Short descriptive text snippets:
********
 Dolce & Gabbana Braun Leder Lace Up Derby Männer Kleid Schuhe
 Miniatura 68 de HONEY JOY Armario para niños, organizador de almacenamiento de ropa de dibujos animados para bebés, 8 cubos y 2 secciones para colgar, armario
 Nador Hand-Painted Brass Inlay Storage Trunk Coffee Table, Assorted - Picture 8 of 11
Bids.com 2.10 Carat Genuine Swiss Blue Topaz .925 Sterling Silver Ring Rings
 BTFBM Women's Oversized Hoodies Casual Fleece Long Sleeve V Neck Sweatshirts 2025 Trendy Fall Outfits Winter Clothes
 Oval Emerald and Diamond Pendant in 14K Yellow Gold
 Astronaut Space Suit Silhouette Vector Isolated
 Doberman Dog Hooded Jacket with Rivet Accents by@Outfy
********
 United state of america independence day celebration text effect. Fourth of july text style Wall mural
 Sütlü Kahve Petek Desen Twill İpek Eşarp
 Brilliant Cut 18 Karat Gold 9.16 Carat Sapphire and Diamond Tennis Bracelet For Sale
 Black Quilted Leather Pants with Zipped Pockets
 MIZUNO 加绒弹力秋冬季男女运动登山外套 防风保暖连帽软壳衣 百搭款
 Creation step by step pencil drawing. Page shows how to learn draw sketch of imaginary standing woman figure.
********
### TASK PROMPT
From the records, copy every line that has the string "Carat" in it.

### RESULT
Bids.com 2.10 Carat Genuine Swiss Blue Topaz .925 Sterling Silver Ring Rings
 Brilliant Cut 18 Karat Gold 9.16 Carat Sapphire and Diamond Tennis Bracelet For Sale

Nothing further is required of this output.